Nach dem erfolgreichen Coup aber fangen die Dinge an schief zu gehen: Mikes Kontakt in die Unterwelt steht selbst unter Druck und zieht seinen immer hilfloser im Sumpf schwimmenden Komplizen mit hinein in seine eigenen Probleme mit Drogengeldgebern, die Kohle sehen wollen.

Cool und abgebrüht, als wäre er ewig schon ein Krimineller, spielt Mike das Spiel mit und versucht, sich aus einer Schlinge zu befreien, die sich immer enger zu zieht. Als herauskommt, dass mehr Gemälde fehlen, als gestohlen wurden, die echten Gemälde sich als die angefertigten Fälschungen herausstellen und sind der Professor plötzlich spurlos verschwunden ist, kann kein Zweifel mehr bestehen, dass Mike hereingelegt worden ist.

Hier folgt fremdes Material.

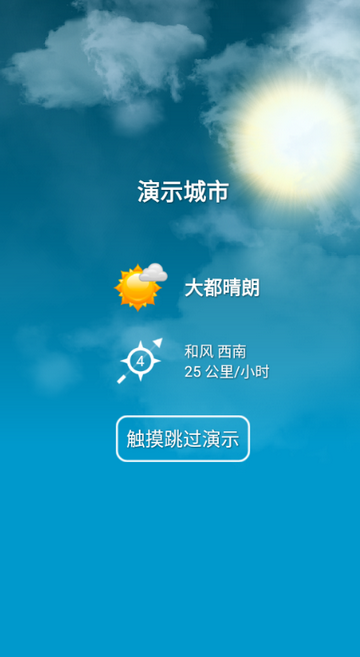 XLרҵapp(Weather XL)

Doch die Drogenbosse wollen ihr Geld sehen, und Mikes gesamtes Umfeld gerät in Lebensgefahr, bis zuletzt Inspektor Ransom auftaucht und der Fall gerade noch glimpflich für Mike endet: ein paar Jahre Gefängnis nimmt er gern in Kauf als Austausch für seine Rettung vor dem sicheren Tod.

Lang entwickelt sich die Story, die Charaktere sind plastisch nachvollziehbar, und die Spannung in der zweiten Hälfte der Geschichte ist ausgezeichnet. Her mit dem nächsten Rankin-Krimi!